空中で仰向けになりながらアエシュの左側をすり抜けざまに居合いで逆袈裟に断ち、一回転しながら着地する。
アエシュに背中を向けたままマサムネが刀の血を払うと、その背後でアエシュの体が斜めにズレた。
「まだまだァッ!!!!」
ズレ落ちる体、それを左手を右脇に入れて落ちない様に支えアエシュが咆える!!
右脇の下から差し入れた左手は指先を肉に突き立て、指が肉にめり込むほどの怪力で自身の棘下筋を掴み、切断された体を無理矢理支えながらアエシュが蛮刀を振り向き投げ放つ!
アエシュから投擲された蛮刀が完全に油断していたマサムネの左胸を貫いた!!
「チッ、外したか…」
口と断たれた傷口から大量の血を溢したアエシュが焦点の合っていない目で残念そうに言った。
「ワシを…、その蛮刀で、斬るがいい…、せめて、何かの…糧に…」
口から夥しい血を吐きながら刀を取り落としていたマサムネが左胸に半ばまで蛮刀が刺さった状態でアエシュへと近づき、己の胸のから蛮刀引き抜き、意地でまだ立っていたアエシュへとトドメを刺した。

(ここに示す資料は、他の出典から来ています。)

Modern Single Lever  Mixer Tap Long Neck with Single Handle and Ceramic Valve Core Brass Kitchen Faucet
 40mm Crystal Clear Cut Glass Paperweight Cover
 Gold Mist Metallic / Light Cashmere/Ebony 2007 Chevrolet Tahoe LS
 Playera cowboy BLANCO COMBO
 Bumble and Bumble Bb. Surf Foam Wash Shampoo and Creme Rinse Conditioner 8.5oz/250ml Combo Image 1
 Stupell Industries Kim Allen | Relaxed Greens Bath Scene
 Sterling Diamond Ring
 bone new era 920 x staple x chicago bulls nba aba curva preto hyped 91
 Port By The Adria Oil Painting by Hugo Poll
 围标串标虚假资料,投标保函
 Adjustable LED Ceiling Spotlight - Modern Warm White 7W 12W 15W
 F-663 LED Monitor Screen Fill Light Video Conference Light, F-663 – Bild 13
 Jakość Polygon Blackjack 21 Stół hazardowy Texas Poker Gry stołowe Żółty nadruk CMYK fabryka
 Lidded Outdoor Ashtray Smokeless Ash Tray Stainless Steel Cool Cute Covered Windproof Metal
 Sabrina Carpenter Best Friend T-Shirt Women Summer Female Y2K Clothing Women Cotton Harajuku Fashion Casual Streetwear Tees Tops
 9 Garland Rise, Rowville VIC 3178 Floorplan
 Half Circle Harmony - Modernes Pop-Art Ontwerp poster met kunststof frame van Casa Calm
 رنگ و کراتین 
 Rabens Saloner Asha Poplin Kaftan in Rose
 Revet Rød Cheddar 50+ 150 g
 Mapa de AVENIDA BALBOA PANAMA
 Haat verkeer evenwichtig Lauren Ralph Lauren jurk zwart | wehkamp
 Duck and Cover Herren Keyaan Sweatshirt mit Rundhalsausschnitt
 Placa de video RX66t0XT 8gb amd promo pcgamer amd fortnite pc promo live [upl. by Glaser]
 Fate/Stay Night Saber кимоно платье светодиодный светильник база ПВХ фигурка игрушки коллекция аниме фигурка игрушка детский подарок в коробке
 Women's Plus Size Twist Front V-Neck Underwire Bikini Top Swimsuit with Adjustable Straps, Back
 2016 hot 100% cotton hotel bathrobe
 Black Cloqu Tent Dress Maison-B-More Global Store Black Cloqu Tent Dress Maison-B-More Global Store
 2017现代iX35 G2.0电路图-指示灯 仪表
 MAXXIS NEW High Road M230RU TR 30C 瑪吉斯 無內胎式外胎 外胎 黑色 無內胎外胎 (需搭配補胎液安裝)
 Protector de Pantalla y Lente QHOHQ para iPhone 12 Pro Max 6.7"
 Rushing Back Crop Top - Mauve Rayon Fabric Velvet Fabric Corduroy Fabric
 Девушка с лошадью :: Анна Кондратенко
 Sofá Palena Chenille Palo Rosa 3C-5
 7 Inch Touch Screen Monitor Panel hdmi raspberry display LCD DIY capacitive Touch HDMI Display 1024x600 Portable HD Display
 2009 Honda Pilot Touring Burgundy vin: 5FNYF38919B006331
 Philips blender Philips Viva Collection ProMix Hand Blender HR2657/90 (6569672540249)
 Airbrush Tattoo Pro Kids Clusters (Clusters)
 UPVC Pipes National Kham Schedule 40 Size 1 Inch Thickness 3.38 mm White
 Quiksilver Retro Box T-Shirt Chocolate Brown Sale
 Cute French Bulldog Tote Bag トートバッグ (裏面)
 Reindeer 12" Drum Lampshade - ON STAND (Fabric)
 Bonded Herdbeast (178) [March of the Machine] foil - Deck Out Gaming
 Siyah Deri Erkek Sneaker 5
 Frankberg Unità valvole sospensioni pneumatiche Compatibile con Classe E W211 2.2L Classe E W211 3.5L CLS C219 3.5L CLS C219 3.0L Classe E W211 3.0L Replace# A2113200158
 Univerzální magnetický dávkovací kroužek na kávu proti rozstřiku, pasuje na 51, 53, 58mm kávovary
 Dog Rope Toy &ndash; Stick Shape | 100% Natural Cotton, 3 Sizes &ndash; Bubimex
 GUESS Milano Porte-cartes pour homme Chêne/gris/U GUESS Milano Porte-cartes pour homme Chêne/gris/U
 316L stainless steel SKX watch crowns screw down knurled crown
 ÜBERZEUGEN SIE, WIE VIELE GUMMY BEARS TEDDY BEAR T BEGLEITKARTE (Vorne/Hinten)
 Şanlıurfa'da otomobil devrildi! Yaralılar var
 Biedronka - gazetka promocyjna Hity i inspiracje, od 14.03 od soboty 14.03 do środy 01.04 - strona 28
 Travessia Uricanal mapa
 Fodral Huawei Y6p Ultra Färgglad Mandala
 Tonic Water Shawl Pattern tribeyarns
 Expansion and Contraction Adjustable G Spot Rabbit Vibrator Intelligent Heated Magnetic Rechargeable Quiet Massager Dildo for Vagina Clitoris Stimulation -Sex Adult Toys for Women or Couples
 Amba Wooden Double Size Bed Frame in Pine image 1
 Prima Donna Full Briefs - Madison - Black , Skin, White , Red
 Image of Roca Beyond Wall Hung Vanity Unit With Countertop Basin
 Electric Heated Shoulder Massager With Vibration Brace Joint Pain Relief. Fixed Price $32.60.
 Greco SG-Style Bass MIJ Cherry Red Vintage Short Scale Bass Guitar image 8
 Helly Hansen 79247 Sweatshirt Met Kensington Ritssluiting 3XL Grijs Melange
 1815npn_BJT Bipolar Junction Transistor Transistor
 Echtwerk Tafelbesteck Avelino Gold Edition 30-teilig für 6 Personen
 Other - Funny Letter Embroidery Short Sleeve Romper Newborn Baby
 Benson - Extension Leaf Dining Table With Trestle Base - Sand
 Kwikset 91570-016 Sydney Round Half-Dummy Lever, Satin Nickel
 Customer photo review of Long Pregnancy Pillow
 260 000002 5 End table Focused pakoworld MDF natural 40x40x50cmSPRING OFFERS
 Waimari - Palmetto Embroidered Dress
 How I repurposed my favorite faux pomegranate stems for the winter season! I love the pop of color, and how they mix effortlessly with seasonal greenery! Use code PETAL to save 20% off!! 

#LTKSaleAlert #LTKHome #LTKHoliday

その瞬間マサムネの左胸の傷が時が巻き戻ったかの様に消えた。
それを見届けたカエラムが周囲の魔物を槍で跳ね飛ばし勝鬨を上げる。
「絶刀マサムネが!!敵将を討ち取ったぞォッ!!!」
王国軍と冒険者達も呼応して勝鬨を上げる。
兵士たちの大音声の勝鬨により味方の士気は上がり、敵の勢いが一気に落ちる。
退却を指揮する者すらいないだろう。
マサムネが取り落とした刀を拾い、刀身の汚れを取り出した布で荒拭いして鞘に戻す。
そしてアエシュの持っていた蛮刀で最も近くにいた魔物を一瞬で切り伏せる。
マサムネの体に付いていたアエシュとの戦いで負い、先ほどの回復で治り切らずに残っていた傷が全て塞がる。
「死んだかと思ったぞ、絶刀よ。冷や冷やさせやがって…」
「あの魔将、逆袈裟に分断された体を片手でずり落ちない様に支えて武器を投げおった、化物め。流石に今のは俺も肝が冷えたわ。この蛮刀が無くば死んでいた。この戦いを生涯忘れる事はないだろう…」
「見てたよ、とんでも無い奴だったな」
「ああ、弟子を取ったならば『相手の体を真っ二つにしても気を抜くな』と伝えねばならん」
「ハッハハハハ!」
「笑い事ではない…」
もはやこの戦場において、魔族の勝ち目は無くなった。